## DESCRIPTION OF THE TASK
Set every entry down again precisely.

## Stored items
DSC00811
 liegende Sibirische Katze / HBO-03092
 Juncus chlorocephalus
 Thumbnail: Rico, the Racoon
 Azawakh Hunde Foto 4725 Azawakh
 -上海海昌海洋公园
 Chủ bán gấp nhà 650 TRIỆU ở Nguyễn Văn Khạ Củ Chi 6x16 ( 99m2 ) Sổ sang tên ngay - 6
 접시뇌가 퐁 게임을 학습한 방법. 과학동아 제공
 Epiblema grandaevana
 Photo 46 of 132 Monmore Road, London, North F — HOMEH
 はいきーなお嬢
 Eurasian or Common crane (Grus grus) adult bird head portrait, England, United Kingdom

## FINISHED TASK
DSC00811
 liegende Sibirische Katze / HBO-03092
 Juncus chlorocephalus
 Thumbnail: Rico, the Racoon
 Azawakh Hunde Foto 4725 Azawakh
 -上海海昌海洋公园
 Chủ bán gấp nhà 650 TRIỆU ở Nguyễn Văn Khạ Củ Chi 6x16 ( 99m2 ) Sổ sang tên ngay - 6
 접시뇌가 퐁 게임을 학습한 방법. 과학동아 제공
 Epiblema grandaevana
 Photo 46 of 132 Monmore Road, London, North F — HOMEH
 はいきーなお嬢
 Eurasian or Common crane (Grus grus) adult bird head portrait, England, United Kingdom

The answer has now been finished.